Loubet explicou que a decisão de concorrer ao Senado veio após um pedido do presidente Luiz Inácio Lula da Silva. Com seis mandatos na Câmara dos Deputados, ele apontou a experiência acumulada e a relação construída com municípios do interior como principais credenciais para a disputa.
Diálogo político
Segundo o candidato, o Senado exige “pessoas experientes, que tenham a capacidade de dialogar com aqueles que pensam diferente”. Ele reforçou que, em caso de conflito entre os interesses de Mato Grosso do Sul e as diretrizes do governo, sua prioridade será a defesa do Estado, ainda que isso signifique divergência.
Segurança na fronteira
Natural de Porto Murtinho, região fronteiriça, Loubet colocou a segurança da fronteira entre as principais bandeiras de sua proposta. Ele defende o combate ao tráfico de drogas e armas, maior integração entre Exército, Polícia Federal, Polícia Rodoviária Federal e forças estaduais, além da criação de uma academia de polícia integrada com Bolívia e Argentina.
Desenvolvimento econômico
O candidato destacou o crescimento da indústria de celulose e papel na Costa Leste do Estado e propôs ampliar a integração entre empresas, universidades e institutos federais para gerar novos produtos e mão de obra especializada. Também defende o fortalecimento da legislação contra traficantes, combinando repressão, inteligência e tecnologia.

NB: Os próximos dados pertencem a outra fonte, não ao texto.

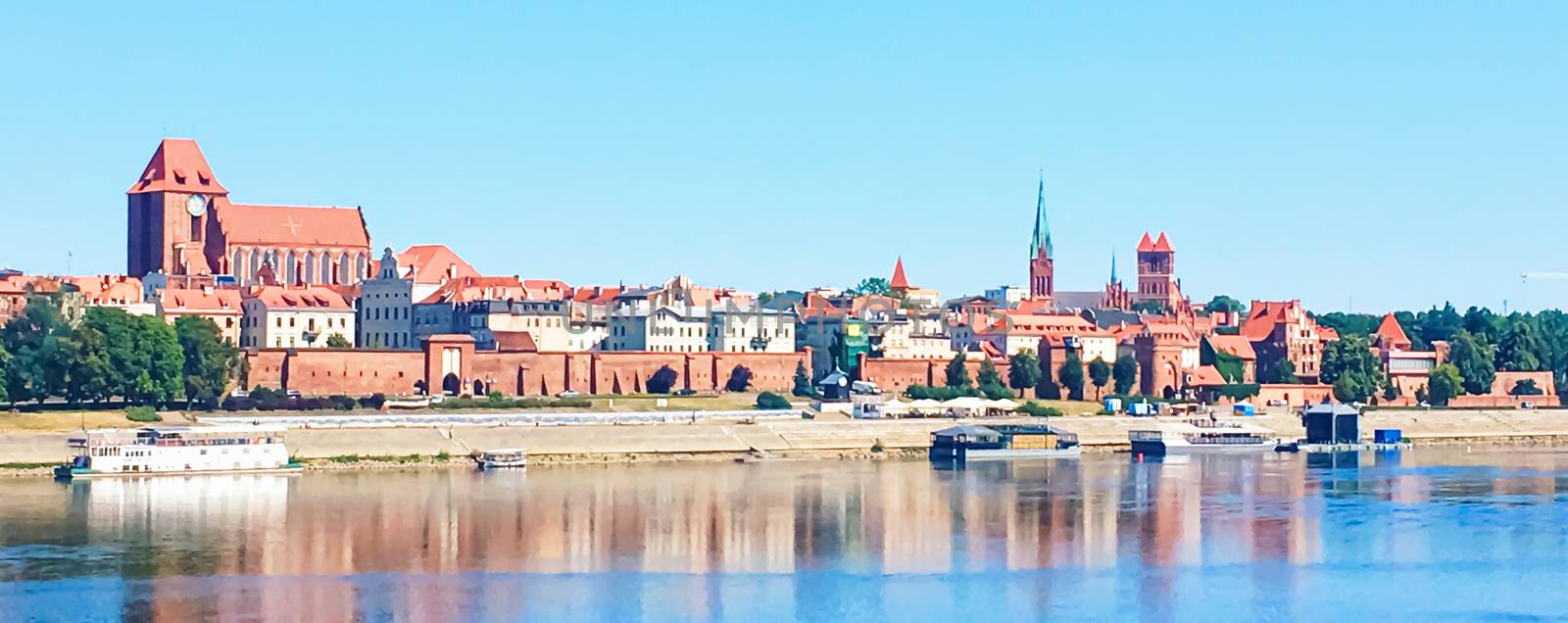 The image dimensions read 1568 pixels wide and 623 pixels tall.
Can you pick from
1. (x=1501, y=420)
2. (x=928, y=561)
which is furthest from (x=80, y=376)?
(x=1501, y=420)

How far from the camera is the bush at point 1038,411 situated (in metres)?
99.0

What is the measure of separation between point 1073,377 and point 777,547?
56.4 metres

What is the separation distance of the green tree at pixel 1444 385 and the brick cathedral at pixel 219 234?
5161 cm

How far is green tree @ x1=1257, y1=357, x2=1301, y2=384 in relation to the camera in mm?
119125

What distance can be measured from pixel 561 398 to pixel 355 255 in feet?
111

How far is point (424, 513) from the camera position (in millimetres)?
59656

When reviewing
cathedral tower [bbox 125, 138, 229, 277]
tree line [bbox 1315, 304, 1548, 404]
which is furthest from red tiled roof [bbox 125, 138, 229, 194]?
tree line [bbox 1315, 304, 1548, 404]

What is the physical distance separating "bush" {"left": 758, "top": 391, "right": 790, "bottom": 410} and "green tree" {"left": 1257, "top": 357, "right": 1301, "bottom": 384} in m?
33.5

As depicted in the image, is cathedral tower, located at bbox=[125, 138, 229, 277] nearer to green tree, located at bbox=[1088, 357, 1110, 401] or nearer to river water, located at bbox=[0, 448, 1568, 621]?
green tree, located at bbox=[1088, 357, 1110, 401]

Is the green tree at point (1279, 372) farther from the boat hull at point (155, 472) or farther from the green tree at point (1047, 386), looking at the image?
the boat hull at point (155, 472)

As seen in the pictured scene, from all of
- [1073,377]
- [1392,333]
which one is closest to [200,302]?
[1073,377]

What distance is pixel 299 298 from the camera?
107312 mm

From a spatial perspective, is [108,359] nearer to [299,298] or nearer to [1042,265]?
[299,298]

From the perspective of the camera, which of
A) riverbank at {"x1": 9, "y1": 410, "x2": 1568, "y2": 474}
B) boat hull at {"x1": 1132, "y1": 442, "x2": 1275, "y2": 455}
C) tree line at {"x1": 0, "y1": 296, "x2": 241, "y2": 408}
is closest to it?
riverbank at {"x1": 9, "y1": 410, "x2": 1568, "y2": 474} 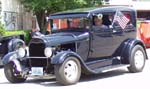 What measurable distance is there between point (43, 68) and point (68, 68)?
0.63 m

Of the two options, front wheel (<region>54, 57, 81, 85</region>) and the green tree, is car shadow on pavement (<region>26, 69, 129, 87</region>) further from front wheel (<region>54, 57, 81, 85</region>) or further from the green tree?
the green tree

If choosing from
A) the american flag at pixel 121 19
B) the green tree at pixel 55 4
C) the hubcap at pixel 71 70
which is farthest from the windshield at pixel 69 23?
the green tree at pixel 55 4

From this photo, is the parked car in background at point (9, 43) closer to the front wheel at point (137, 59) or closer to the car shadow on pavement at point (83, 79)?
the car shadow on pavement at point (83, 79)

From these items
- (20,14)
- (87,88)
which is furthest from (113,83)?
(20,14)

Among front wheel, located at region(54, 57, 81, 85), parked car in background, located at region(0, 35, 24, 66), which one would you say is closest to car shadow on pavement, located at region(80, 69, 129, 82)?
front wheel, located at region(54, 57, 81, 85)

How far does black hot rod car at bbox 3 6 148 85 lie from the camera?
11.7 metres

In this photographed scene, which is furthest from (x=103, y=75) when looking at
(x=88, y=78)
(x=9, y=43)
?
(x=9, y=43)

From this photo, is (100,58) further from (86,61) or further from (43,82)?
(43,82)

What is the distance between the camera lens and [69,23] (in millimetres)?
12938

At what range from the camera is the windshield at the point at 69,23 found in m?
12.6

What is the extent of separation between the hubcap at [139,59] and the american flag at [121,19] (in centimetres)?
83

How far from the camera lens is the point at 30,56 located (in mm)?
12180

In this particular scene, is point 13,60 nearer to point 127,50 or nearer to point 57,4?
point 127,50

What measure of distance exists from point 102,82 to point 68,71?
967mm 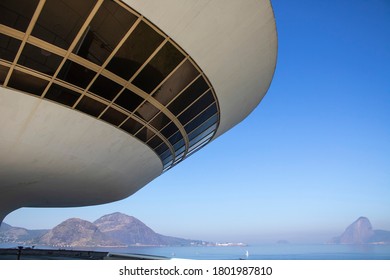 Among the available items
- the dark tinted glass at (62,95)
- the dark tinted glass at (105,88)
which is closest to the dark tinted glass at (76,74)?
the dark tinted glass at (105,88)

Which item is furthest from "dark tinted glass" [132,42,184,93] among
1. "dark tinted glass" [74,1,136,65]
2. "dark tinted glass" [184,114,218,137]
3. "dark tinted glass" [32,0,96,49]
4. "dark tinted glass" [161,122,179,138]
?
"dark tinted glass" [184,114,218,137]

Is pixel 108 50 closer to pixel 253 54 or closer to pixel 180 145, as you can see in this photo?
pixel 253 54

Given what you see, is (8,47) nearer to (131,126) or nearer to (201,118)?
(131,126)

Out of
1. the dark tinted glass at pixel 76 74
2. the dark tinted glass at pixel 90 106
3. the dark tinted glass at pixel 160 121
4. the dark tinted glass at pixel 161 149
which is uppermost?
the dark tinted glass at pixel 76 74

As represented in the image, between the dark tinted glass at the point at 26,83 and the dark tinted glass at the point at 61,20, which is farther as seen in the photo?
Result: the dark tinted glass at the point at 26,83

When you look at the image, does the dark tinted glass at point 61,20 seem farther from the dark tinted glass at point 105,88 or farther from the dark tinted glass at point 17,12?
the dark tinted glass at point 105,88

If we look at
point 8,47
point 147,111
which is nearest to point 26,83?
point 8,47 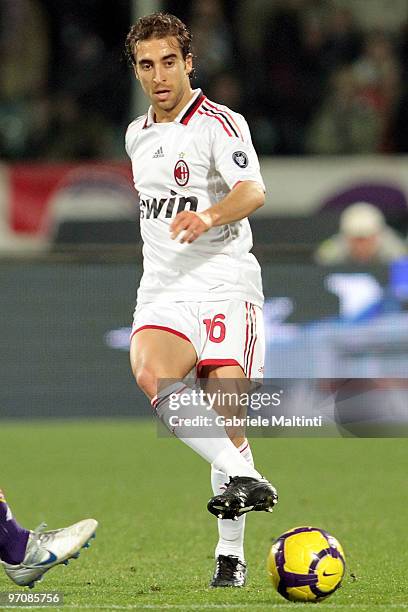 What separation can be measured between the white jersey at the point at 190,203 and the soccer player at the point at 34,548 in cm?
114

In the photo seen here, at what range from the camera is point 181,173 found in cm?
649

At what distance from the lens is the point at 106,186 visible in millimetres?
17469

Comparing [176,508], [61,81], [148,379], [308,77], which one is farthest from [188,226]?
[61,81]

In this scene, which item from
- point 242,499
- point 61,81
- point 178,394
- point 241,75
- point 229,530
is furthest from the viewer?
point 61,81

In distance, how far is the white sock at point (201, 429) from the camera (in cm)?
597

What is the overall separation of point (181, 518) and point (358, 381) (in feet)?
13.8

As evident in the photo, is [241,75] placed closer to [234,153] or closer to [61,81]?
[61,81]

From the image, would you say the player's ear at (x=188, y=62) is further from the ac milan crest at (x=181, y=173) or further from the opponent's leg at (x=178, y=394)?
the opponent's leg at (x=178, y=394)

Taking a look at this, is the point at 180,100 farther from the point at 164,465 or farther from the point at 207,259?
the point at 164,465

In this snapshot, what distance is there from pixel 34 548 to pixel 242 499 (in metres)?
0.91

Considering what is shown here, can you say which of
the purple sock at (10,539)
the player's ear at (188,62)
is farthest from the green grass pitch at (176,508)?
the player's ear at (188,62)

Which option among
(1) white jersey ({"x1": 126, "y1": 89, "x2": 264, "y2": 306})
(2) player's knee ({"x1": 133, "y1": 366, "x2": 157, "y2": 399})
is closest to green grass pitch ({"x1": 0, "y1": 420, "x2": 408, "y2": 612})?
(2) player's knee ({"x1": 133, "y1": 366, "x2": 157, "y2": 399})

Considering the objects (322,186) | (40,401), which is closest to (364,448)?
(40,401)

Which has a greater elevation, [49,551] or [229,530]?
[49,551] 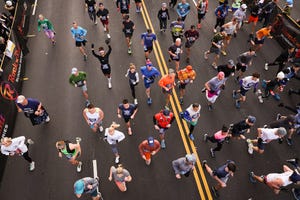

Além das pautas citadas, Loubet abordou a necessidade de equilibrar preservação do Pantanal com produção, sugerindo diálogos entre produtores, ambientalistas e autoridades. Ele também propôs regras mais claras de ética para o Supremo Tribunal Federal. Ao encerrar a entrevista, reafirmou que pretende atuar em temas que envolvem produtores rurais, povos indígenas, assentados e quilombolas, buscando um Senado pautado no diálogo entre diferentes setores da sociedade.